## Exercise goal
Could you copy the records below exactly, leaving out any pictures they include?
+ + +
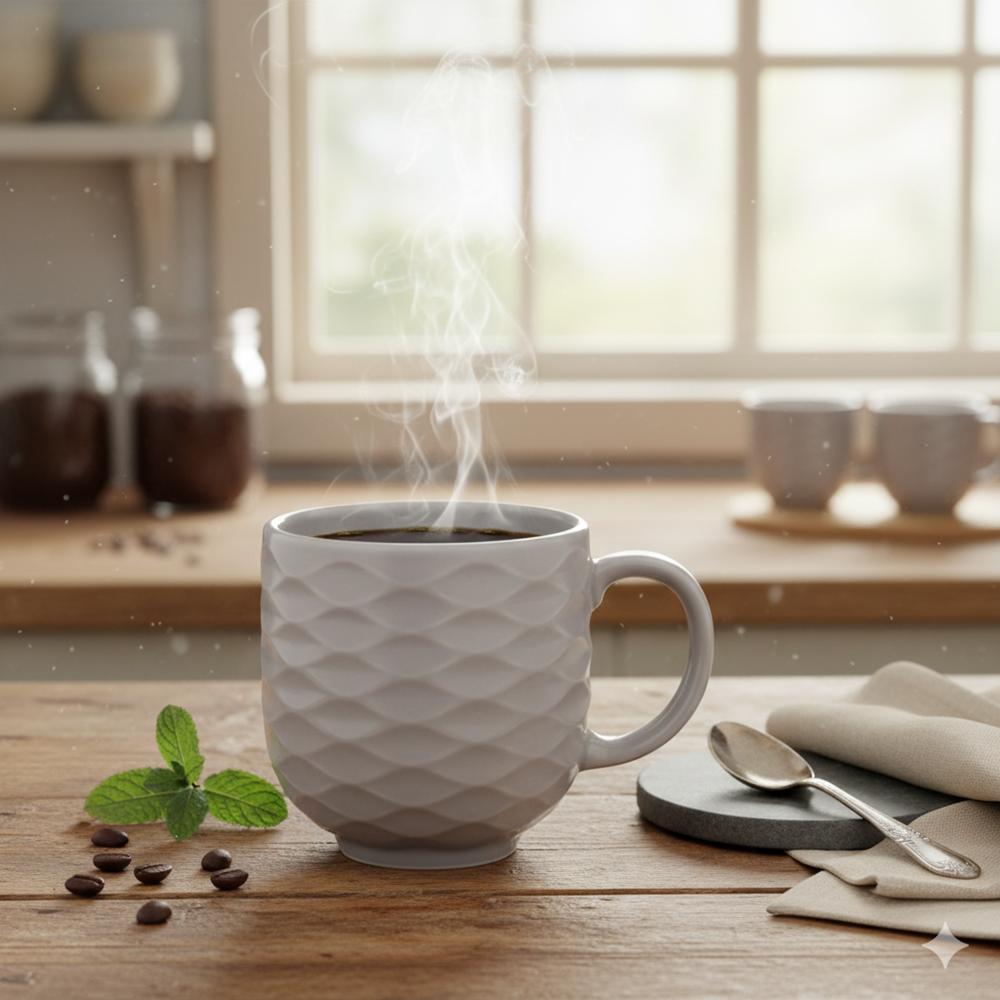 Caneca Chá Café Cinza Relevo Ondas 402 ml Germer Porcelanas - Imagem 2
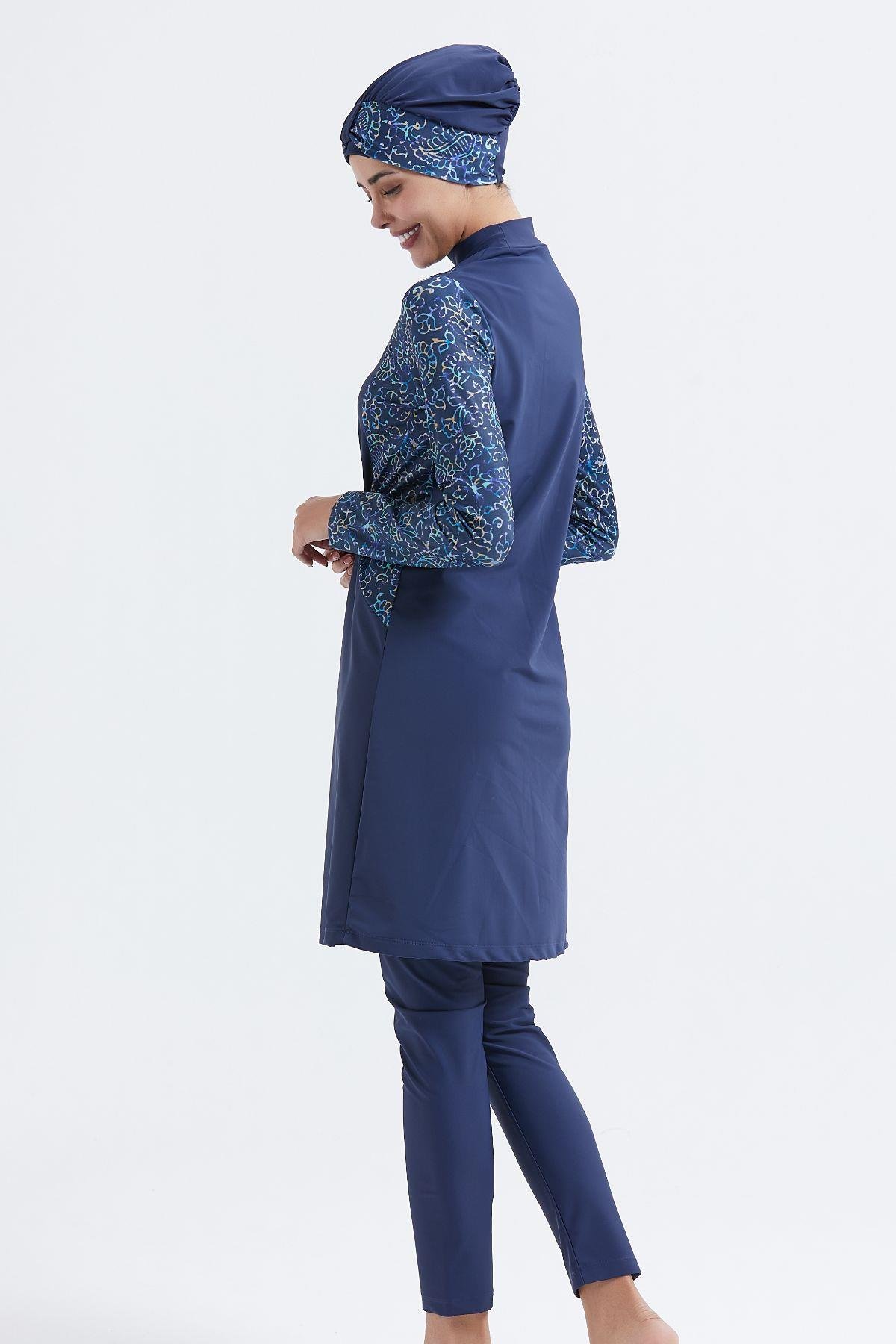 Tam Kapalı 4 lü Büzgülü Tesettür Mayo C14032 Lacivert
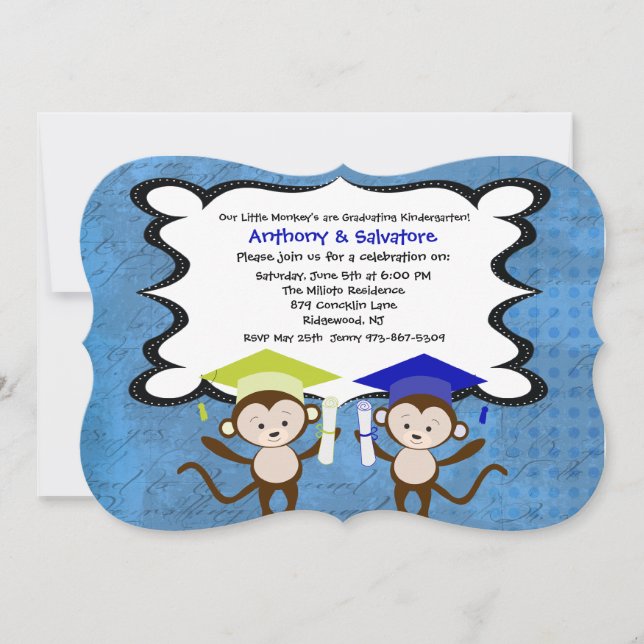 Twin Boys Monkeying Around Graduation Invitation (Front)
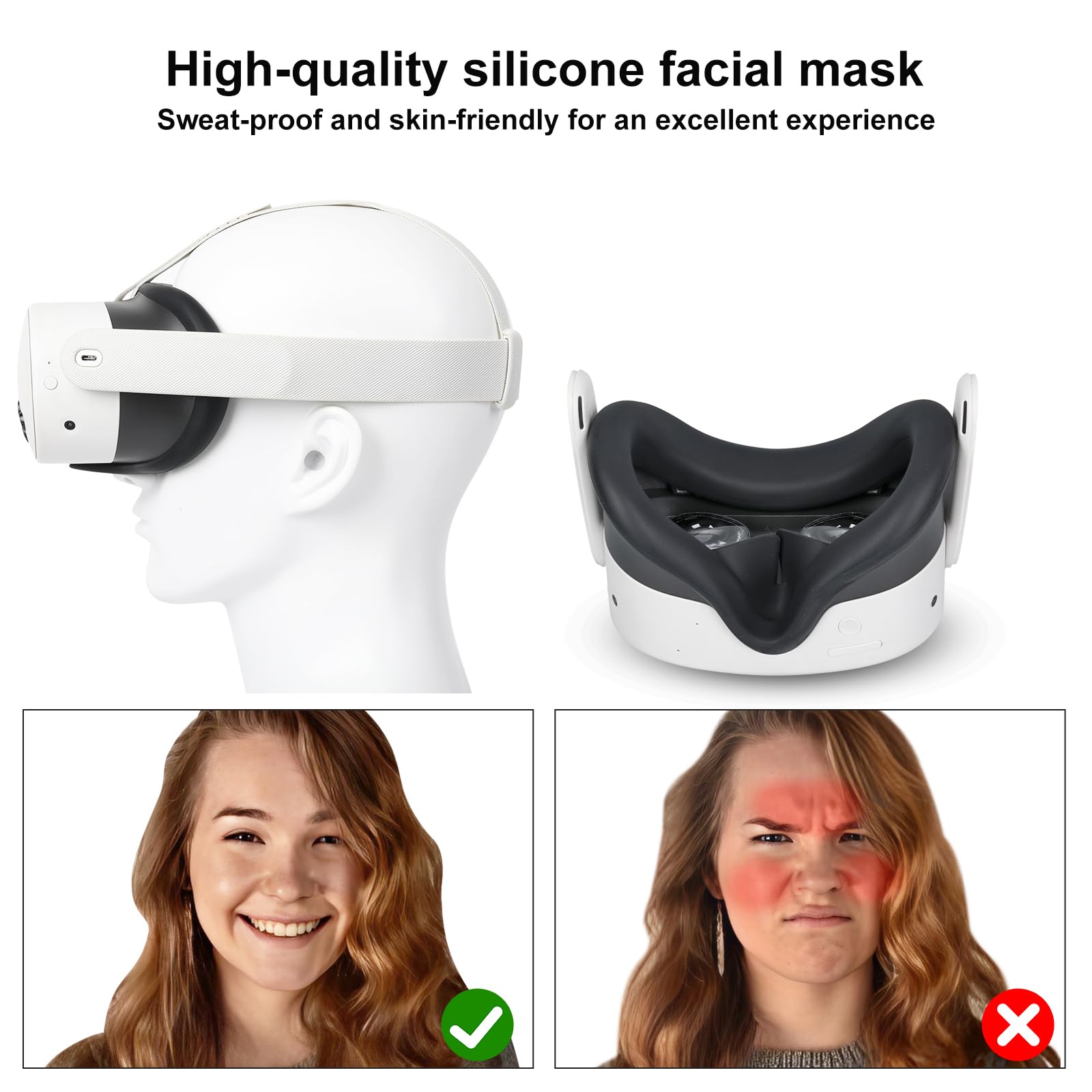Cubierta Facial de Silicona Para Meta Quest 3S - Almohadilla Compatible Con Auriculares y Accesorios Quest3S - Máscara Resistente Para VR — view 6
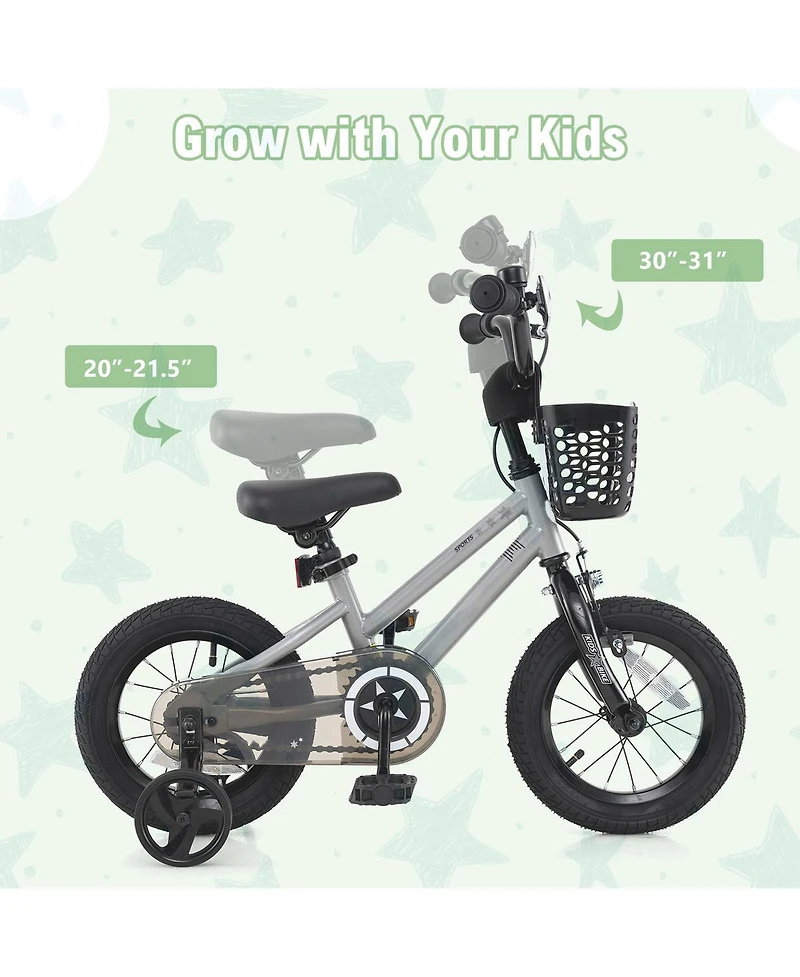 Sugift 14 Inch Kids Bike Adjustable with Transparent Chain Cover for 4-5 Years Old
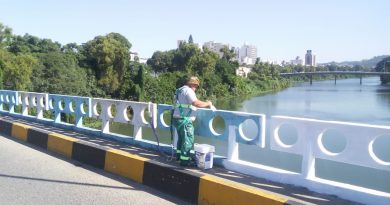 Ponte Orlando Francalaci recebendo pintura
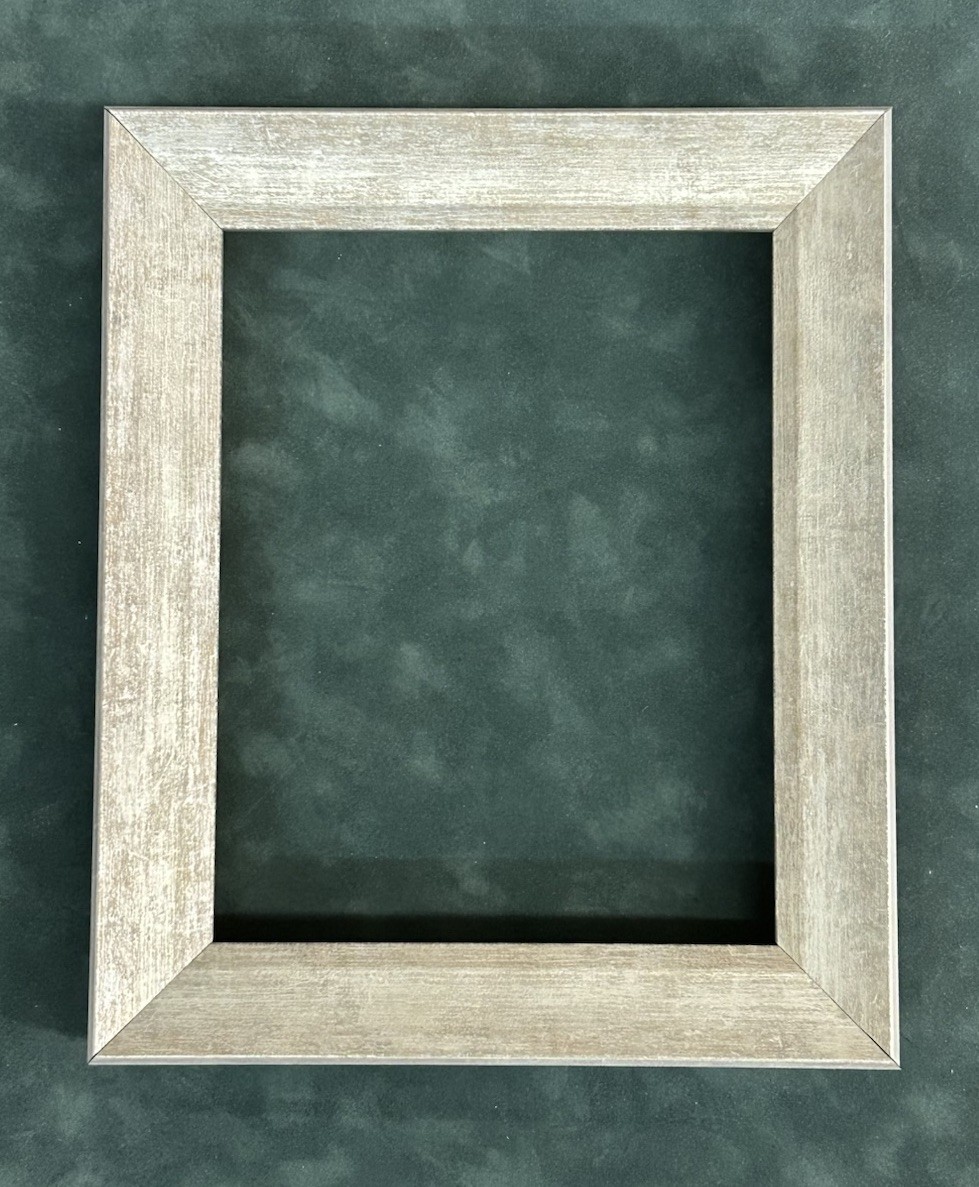 Modern LARSON Wood Shadowbox/ Oil Ptg Deep Rabbet Picture Frame 8 X 10 Silver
+ + +
## Result of the exercise
 Caneca Chá Café Cinza Relevo Ondas 402 ml Germer Porcelanas - Imagem 2
 Tam Kapalı 4 lü Büzgülü Tesettür Mayo C14032 Lacivert
 Twin Boys Monkeying Around Graduation Invitation (Front)
Cubierta Facial de Silicona Para Meta Quest 3S - Almohadilla Compatible Con Auriculares y Accesorios Quest3S - Máscara Resistente Para VR — view 6
 Sugift 14 Inch Kids Bike Adjustable with Transparent Chain Cover for 4-5 Years Old
 Ponte Orlando Francalaci recebendo pintura
 Modern LARSON Wood Shadowbox/ Oil Ptg Deep Rabbet Picture Frame 8 X 10 Silver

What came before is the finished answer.